第49回 日本人は変わったか
- レポート
- 2009.07.27
最近、「サービス発展途上国日本―“お客様は神様です”の勘違いが、日本を駄目にする」という本を読みました。
著者は海外でホテルマンとして活躍してきた方なのですが、その視点から日本のサービス業を見つめ直しているものです。
日本のホテルは優秀なスタッフに多くを依存していて、その現状を問題視しています。
それに関して、次のようなことが書かれていました。
アメリカのホテルはスタッフの劣性を補うためのシステムを発達させてきた。
一方、日本のホテルは優秀な人材があったために、これに頼りすぎてシステムを磨くことを怠った。
あれ?どこかでこんな話を読んだな、と思い返してみたら次の本でした。
「日本はなぜ敗れるのか―敗因21ヵ条」
この本は、日本がなぜ太平洋戦争で負けたのかを詳細に分析しています。 その敗因の1つとして次が掲げられていました。
日本は精兵主義を取った軍隊だったが、精兵がいなかった。
日本は、明治以来よく鍛錬された、精神力の高い兵が揃っている前提で戦争を進めていたが、こうした精兵は戦争の進行とともに減少していき、やがて精兵ではない者に同じことを求めて戦われることとなった。
一方のアメリカは、精兵でなくても対応できるシステムを整備して対抗してきたというのです。
誰でも簡単に動かせて標準化された武器など、個人的な能力やがんばりに依存しない仕組みが随所に取り入れられていたわけです。
日本人は基本的に個々人ががんばり屋さんなので、どうしてもシステムの整備を怠ってしまう。
戦争のときと変わっていません。
私達日本人が現代を生きて、ビジネスを進めるに当たっても気をつけるべき点だと思います。
このほかにも、先の戦争の失敗は色々なことを考えさせてくれます。
もう1つ日本人として注意すべき点は、上記に通じますが特に精神面を重視し、根拠のない自信で調子に乗るところだと思います。
日露戦争で勝ったことに慢心し、それが行き過ぎて一番大事な武器が世界レベルにないこともあまり気にしていませんでした。
以前読んだ司馬遼太郎の本に次のようなエピソードが書かれていました。
大戦前、ソ連の駐在武官が日本の陸軍の軍事演習を見る機会があった。
日本は、良いところを見せてやろうと張り切って演習をして見せたのですが、その駐在武官にこう言われたそうです。
いくら秘密にしたいからって、昔の武器ばかり出してきては困ります。
ちゃんといつもやっている演習を見せてください、と。
考えさせられますね。
その後、日本は根拠のない自信をもったまま戦争に突入していきました。
そのときの各方面での意思決定がどうだったかは他の本でも読みますが、要は自己分析も相手分析もしないで事に当たることが多かったようです。
(もちろん、末期には分析しても手の打ちようがなかったというやむを得ない事情はありますが。
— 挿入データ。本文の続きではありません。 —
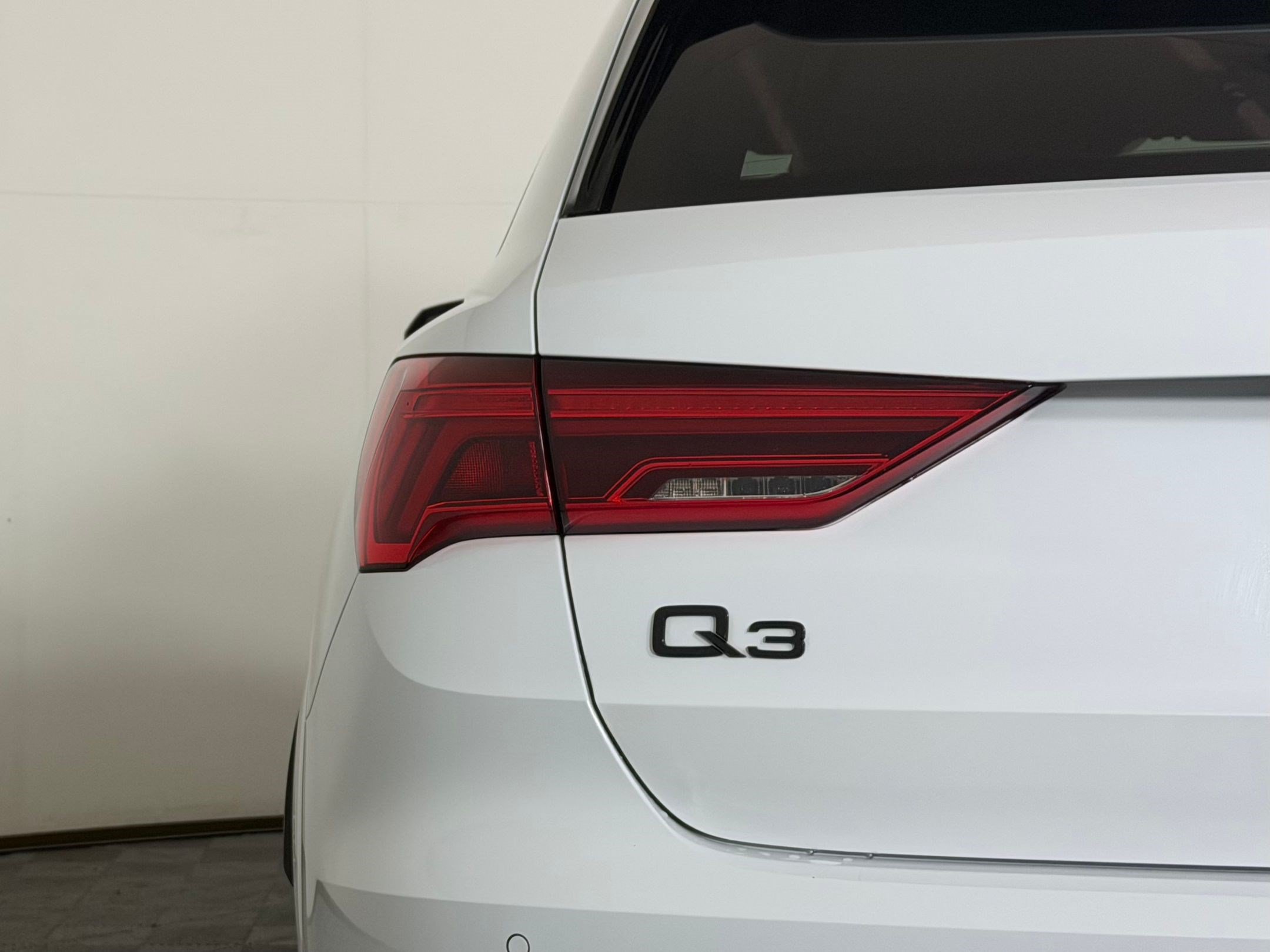Certified 2025 Audi Q3 2.0T Premium Plus w/ Premium Plus Package AWD/4WD image 13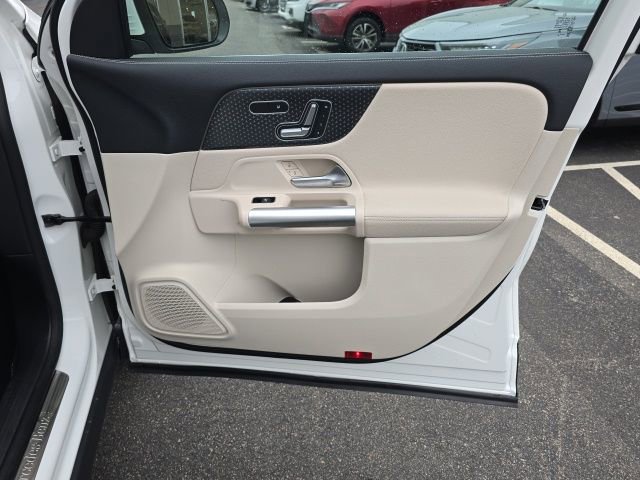 Used 2025 Mercedes-Benz GLA 250 GLA 250 image 22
)
このようなことを組織論の面から研究したものに次のようなものがあります。
「失敗の本質―日本軍の組織論的研究」
日本人の悪い面だと思います。
自分もこれを持っているなぁ、と思ったのは、星野ジャパンが北京で負けた時でした。
私は、プロばかりだし当然金メダルでしょ、と思っていました。
たぶん、当の星野監督もそうだったのではないかと思います。
ボールや審判の違いを現地で憤慨していたわけですが、本当は行く前に準備すべきでした。
聞くと韓国は、国内リーグをオリンピックの公式球でやるほど準備していたとのこと。
孫子も言うように 「敵を知り己を知れば百戦危うからず」 です。
逆に、敵も知らず己も知らないでやる勝負はギャンブル以下になってしまいます。
日本人の本質は変わっていないようですから、お互い先人がしてきた失敗に思いを馳せて気をつけて、より高い成果を上げていきましょう。
今回は成功以前に、失敗しないための留意点を考えてみました。